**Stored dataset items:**
>>
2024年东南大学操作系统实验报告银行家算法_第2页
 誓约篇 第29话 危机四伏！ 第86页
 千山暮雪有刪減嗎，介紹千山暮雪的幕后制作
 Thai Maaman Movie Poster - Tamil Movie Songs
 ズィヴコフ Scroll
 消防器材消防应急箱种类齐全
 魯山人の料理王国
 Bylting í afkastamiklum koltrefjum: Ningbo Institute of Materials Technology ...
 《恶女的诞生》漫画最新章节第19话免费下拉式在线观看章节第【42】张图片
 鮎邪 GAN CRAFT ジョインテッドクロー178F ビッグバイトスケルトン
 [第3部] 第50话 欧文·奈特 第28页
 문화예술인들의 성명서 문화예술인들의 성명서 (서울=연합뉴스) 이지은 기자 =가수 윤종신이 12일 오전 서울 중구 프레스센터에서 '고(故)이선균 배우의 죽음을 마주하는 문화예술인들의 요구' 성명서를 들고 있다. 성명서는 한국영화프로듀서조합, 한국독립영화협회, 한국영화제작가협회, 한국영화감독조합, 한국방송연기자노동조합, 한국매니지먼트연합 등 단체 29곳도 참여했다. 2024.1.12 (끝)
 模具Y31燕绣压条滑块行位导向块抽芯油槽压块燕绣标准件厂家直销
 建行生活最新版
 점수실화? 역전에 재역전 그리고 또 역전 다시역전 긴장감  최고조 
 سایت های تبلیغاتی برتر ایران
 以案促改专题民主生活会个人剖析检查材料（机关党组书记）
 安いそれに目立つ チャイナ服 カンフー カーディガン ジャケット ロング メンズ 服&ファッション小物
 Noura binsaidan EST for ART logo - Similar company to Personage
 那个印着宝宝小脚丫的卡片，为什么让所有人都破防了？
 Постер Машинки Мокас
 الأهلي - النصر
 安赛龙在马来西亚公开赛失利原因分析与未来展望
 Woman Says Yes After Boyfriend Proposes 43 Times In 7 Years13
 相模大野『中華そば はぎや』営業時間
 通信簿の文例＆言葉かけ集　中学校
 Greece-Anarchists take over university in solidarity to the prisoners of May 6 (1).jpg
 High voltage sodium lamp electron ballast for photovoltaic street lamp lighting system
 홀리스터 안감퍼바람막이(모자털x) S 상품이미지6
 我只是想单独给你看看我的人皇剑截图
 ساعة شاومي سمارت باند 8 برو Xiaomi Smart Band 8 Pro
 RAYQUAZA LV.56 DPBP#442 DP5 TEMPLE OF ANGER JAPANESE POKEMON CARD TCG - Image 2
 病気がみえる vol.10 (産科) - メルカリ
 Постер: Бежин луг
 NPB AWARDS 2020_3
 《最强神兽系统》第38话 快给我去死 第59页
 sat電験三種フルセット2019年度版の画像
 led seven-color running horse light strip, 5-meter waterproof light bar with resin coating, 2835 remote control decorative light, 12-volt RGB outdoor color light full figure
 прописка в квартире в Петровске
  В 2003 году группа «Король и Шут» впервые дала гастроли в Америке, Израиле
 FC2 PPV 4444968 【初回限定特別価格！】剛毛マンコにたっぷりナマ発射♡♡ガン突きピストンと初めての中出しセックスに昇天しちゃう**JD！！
<<
**ACTIVITY:**
Copy down the whole of the data above, matching it exactly.

**ANSWER SECTION:**
2024年东南大学操作系统实验报告银行家算法_第2页
 誓约篇 第29话 危机四伏！ 第86页
 千山暮雪有刪減嗎，介紹千山暮雪的幕后制作
 Thai Maaman Movie Poster - Tamil Movie Songs
 ズィヴコフ Scroll
 消防器材消防应急箱种类齐全
 魯山人の料理王国
 Bylting í afkastamiklum koltrefjum: Ningbo Institute of Materials Technology ...
 《恶女的诞生》漫画最新章节第19话免费下拉式在线观看章节第【42】张图片
 鮎邪 GAN CRAFT ジョインテッドクロー178F ビッグバイトスケルトン
 [第3部] 第50话 欧文·奈特 第28页
 문화예술인들의 성명서 문화예술인들의 성명서 (서울=연합뉴스) 이지은 기자 =가수 윤종신이 12일 오전 서울 중구 프레스센터에서 '고(故)이선균 배우의 죽음을 마주하는 문화예술인들의 요구' 성명서를 들고 있다. 성명서는 한국영화프로듀서조합, 한국독립영화협회, 한국영화제작가협회, 한국영화감독조합, 한국방송연기자노동조합, 한국매니지먼트연합 등 단체 29곳도 참여했다. 2024.1.12 (끝)
 模具Y31燕绣压条滑块行位导向块抽芯油槽压块燕绣标准件厂家直销
 建行生活最新版
 점수실화? 역전에 재역전 그리고 또 역전 다시역전 긴장감  최고조 
 سایت های تبلیغاتی برتر ایران
 以案促改专题民主生活会个人剖析检查材料（机关党组书记）
 安いそれに目立つ チャイナ服 カンフー カーディガン ジャケット ロング メンズ 服&ファッション小物
 Noura binsaidan EST for ART logo - Similar company to Personage
 那个印着宝宝小脚丫的卡片，为什么让所有人都破防了？
 Постер Машинки Мокас
 الأهلي - النصر
 安赛龙在马来西亚公开赛失利原因分析与未来展望
 Woman Says Yes After Boyfriend Proposes 43 Times In 7 Years13
 相模大野『中華そば はぎや』営業時間
 通信簿の文例＆言葉かけ集　中学校
 Greece-Anarchists take over university in solidarity to the prisoners of May 6 (1).jpg
 High voltage sodium lamp electron ballast for photovoltaic street lamp lighting system
 홀리스터 안감퍼바람막이(모자털x) S 상품이미지6
 我只是想单独给你看看我的人皇剑截图
 ساعة شاومي سمارت باند 8 برو Xiaomi Smart Band 8 Pro
 RAYQUAZA LV.56 DPBP#442 DP5 TEMPLE OF ANGER JAPANESE POKEMON CARD TCG - Image 2
 病気がみえる vol.10 (産科) - メルカリ
 Постер: Бежин луг
 NPB AWARDS 2020_3
 《最强神兽系统》第38话 快给我去死 第59页
 sat電験三種フルセット2019年度版の画像
 led seven-color running horse light strip, 5-meter waterproof light bar with resin coating, 2835 remote control decorative light, 12-volt RGB outdoor color light full figure
 прописка в квартире в Петровске
  В 2003 году группа «Король и Шут» впервые дала гастроли в Америке, Израиле
 FC2 PPV 4444968 【初回限定特別価格！】剛毛マンコにたっぷりナマ発射♡♡ガン突きピストンと初めての中出しセックスに昇天しちゃう**JD！！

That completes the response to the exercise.